Lo que Greenspan no supo ver a lo largo de los años -y sigue sin ver hoy- son las corrosivas consecuencias que tuvo esa burbuja al fomentar los desequilibrios y los excesos de una economía dependiente de los bienes en EE UU. El hecho de que los consumidores compren con capital ajeno hasta unos niveles sin precedentes es sólo una parte del problema. Otra parte es que la población estadounidense, en proceso de envejecimiento, no está ahorrando precisamente cuando necesita prepararse para la jubilación. También los desequilibrios mundiales son consecuencia de esta era de excesos, apuntalados por el enorme déficit externo de Estados Unidos y las pasiones proteccionistas que desata. Por desgracia, todas estas líneas de falla fueron haciéndose cada vez más profundas por la laxitud reguladora de la Reserva Federal en una época de innovación financiera sin precedentes, una laxitud todavía más peligrosa por los escasos costes de pedir prestado en una burbuja crediticia inducida por este organismo. Esta peligrosa combinación contribuyó de manera fundamental a alimentar la voraz demanda de los inversores de unos productos financieros opacos y cada vez más tóxicos.
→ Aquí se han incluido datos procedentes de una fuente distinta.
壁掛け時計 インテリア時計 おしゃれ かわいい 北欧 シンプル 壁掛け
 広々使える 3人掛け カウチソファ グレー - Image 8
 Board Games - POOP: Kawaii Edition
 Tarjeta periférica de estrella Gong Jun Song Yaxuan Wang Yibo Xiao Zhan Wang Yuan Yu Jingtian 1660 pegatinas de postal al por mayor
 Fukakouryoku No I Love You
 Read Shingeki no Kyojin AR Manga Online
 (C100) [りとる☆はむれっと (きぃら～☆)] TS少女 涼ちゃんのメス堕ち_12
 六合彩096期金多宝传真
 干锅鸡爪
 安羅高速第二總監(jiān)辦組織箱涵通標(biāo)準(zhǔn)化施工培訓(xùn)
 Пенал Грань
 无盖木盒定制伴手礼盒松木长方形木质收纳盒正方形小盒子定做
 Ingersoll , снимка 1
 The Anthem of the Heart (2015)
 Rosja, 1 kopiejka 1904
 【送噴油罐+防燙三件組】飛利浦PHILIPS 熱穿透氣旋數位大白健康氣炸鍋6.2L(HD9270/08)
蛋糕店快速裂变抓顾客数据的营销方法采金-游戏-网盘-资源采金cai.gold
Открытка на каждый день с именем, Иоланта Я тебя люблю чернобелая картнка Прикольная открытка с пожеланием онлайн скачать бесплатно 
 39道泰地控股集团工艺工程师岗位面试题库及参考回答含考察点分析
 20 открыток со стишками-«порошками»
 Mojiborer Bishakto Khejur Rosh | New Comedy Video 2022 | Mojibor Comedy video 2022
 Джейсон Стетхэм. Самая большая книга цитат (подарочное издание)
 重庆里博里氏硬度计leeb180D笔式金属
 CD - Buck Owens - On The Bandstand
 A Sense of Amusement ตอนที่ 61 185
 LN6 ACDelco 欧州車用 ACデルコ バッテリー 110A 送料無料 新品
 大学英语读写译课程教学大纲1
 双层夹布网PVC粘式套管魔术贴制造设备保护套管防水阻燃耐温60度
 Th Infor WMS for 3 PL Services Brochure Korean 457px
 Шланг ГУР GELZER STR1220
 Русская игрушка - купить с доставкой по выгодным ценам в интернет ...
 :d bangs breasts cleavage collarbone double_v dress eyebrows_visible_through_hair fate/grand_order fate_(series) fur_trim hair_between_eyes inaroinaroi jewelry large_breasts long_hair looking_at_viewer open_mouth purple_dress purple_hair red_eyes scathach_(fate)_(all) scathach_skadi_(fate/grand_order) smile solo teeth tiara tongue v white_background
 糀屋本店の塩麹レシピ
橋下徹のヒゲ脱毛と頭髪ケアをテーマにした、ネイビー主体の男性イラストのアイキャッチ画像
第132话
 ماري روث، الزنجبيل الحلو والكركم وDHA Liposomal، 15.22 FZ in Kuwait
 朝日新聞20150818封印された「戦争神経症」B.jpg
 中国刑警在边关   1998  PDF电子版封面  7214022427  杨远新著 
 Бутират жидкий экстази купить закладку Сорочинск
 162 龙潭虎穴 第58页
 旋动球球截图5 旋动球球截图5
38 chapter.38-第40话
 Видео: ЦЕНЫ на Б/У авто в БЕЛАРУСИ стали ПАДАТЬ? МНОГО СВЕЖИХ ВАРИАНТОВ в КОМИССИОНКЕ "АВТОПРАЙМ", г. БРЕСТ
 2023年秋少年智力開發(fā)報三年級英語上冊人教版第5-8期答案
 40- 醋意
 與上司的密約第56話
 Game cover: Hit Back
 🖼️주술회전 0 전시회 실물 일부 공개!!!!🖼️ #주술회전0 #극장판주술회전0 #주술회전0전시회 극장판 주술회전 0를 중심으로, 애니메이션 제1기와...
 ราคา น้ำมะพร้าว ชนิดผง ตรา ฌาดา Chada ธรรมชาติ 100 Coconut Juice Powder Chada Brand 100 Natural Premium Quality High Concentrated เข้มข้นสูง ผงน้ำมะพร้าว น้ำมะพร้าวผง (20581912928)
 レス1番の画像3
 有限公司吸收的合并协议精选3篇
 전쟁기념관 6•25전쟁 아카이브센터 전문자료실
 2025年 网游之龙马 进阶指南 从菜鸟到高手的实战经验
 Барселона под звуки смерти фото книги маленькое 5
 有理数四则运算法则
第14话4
No tenía por qué ser así. Siempre existía la opción de decir no a las burbujas de bienes. Varias herramientas para luchar contra ellas -la tribuna de la persuasión, más disciplina reguladora y, en última instancia, una política monetaria más estricta- podrían haber evitado el desastre.  Sí, el crecimiento económico casi seguro habría sido más lento, pero ese inconveniente no es nada en comparación con la carnicería posburbuja que estamos viendo ahora. Qué lástima que Greenspan no estuviera dispuesto a seguir el sabio consejo de uno de sus predecesores en la Reserva Federal y “llevarse el ponche justo cuando la fiesta estaba empezando a ponerse bien”.

Por supuesto, discutir el lugar de Alan Greenspan en la historia no nos va a ayudar a salir de esta crisis, pero es esencial mantener un debate vigoroso sobre el pasado para evitar otro atolladero similar en el futuro. Como siempre, ya ha empezado la caza del chivo expiatorio. Los organismos de evaluación, reguladores, Wall Street, prestamistas, especuladores inmobiliarios y propietarios de hogares con hipotecas basura son los que van a pagar un alto precio. Algunos, desde luego, ya lo han hecho. Al final, sospecho que la Reserva Federal también pagará su precio y perderá cierta autonomía cuando el Congreso estadounidense añada al mandato de ésta mantener el pleno empleo y la estabilidad financiera y de los precios. Y hará muy bien. La dirección de la economía estadounidense por parte del banco central es demasiado importante para que se deje en manos de la política y la ideología.

A lo largo de los años, algunos advertimos que todo esto era insostenible. Cuanto más se prolongaba la situación, más se nos desacreditó. Da cierta satisfacción saber que las leyes tradicionales de la economía no han quedado refutadas, que las justificaciones del “nuevo paradigma” que suelen invocarse al final de las burbujas han vuelto a quedar repudiadas. Pero no da ninguna satisfacción observar el abismo. El legado de Alan Greenspan quedará manchado para siempre por este peligroso y doloroso choque con la realidad.